(Beginning of EXTRACTED RECORDS)

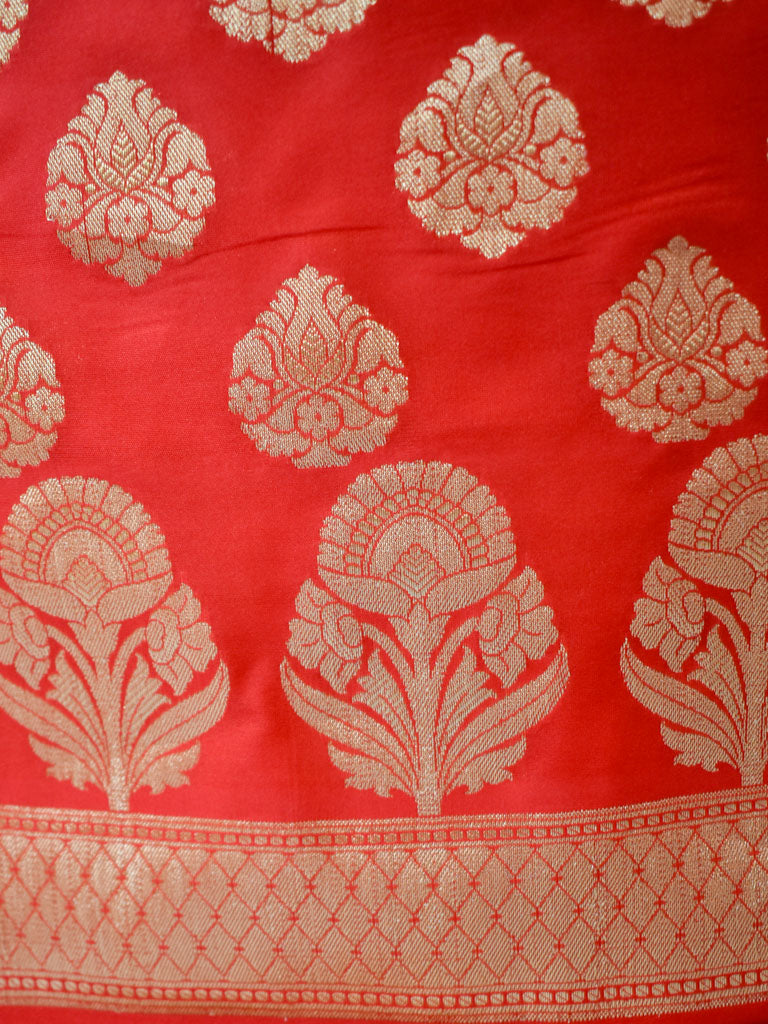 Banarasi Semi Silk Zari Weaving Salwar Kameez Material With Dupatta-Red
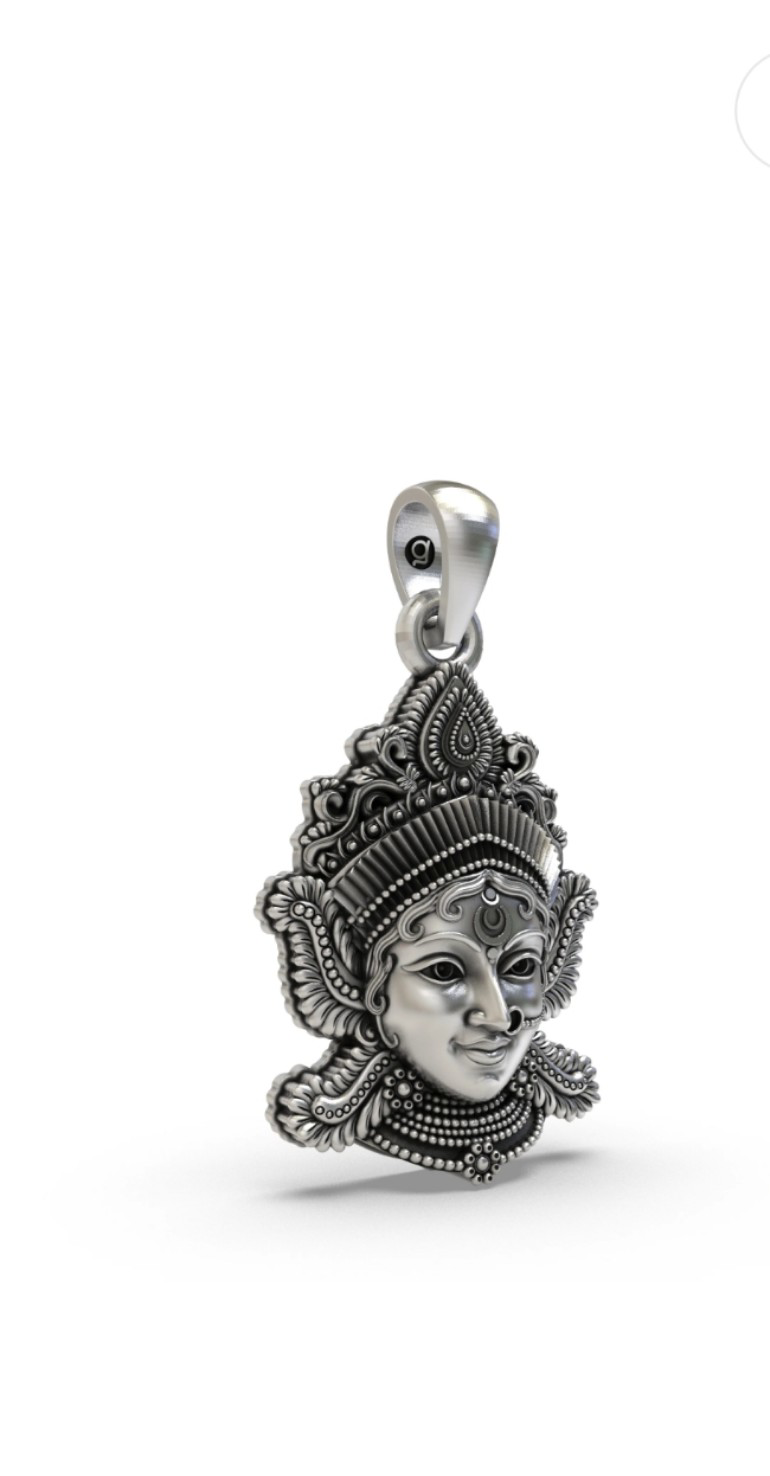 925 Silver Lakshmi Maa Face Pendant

(End of EXTRACTED RECORDS)
(Beginning of EXTRACTED RECORDS)

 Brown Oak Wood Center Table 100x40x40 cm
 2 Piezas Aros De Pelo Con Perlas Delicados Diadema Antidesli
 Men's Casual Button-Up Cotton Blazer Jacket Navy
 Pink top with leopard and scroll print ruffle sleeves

(End of EXTRACTED RECORDS)
(Beginning of EXTRACTED RECORDS)

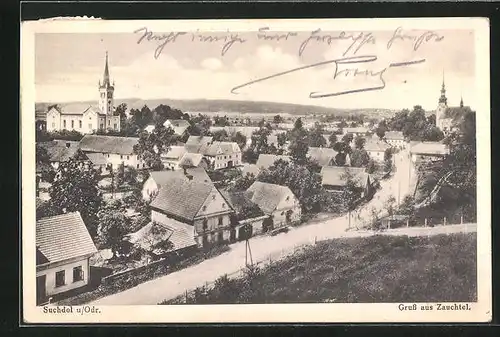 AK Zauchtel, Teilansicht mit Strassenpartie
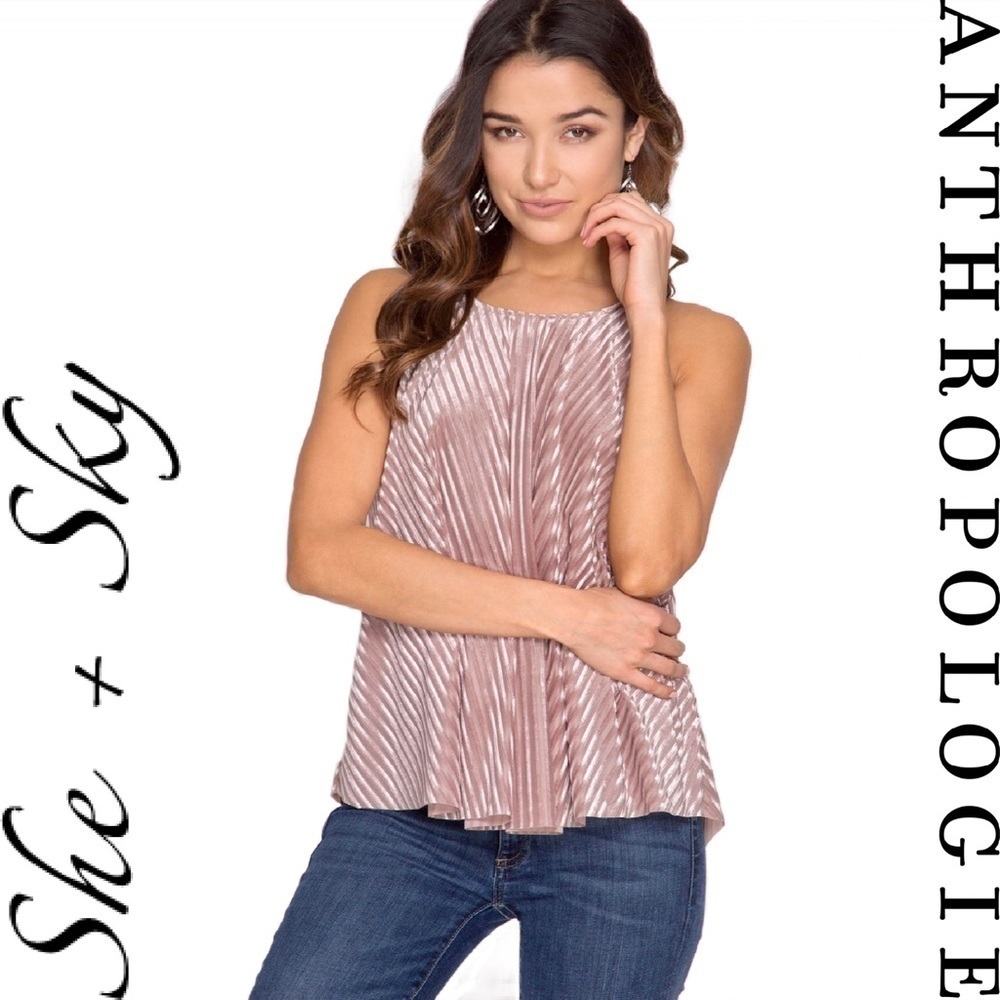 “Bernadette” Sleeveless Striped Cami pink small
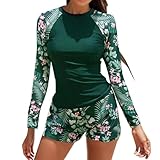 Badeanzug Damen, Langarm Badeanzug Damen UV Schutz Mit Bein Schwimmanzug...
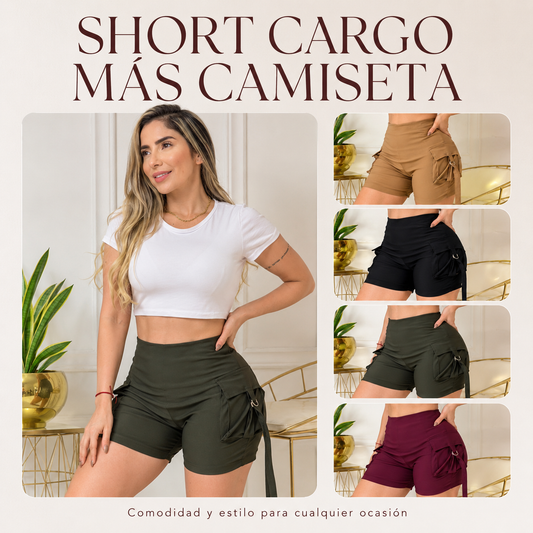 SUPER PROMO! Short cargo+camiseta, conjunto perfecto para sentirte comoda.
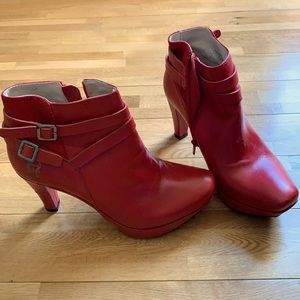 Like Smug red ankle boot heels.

(End of EXTRACTED RECORDS)

Pictures do not belong in the answer. Return the lines above starting at the one with "Cami pink small" and ending at the one with "Like Smug red ankle boot heels.", both kept, exactly.

EXPECTED ANSWER »
 “Bernadette” Sleeveless Striped Cami pink small
 Badeanzug Damen, Langarm Badeanzug Damen UV Schutz Mit Bein Schwimmanzug...
 SUPER PROMO! Short cargo+camiseta, conjunto perfecto para sentirte comoda.
 Like Smug red ankle boot heels.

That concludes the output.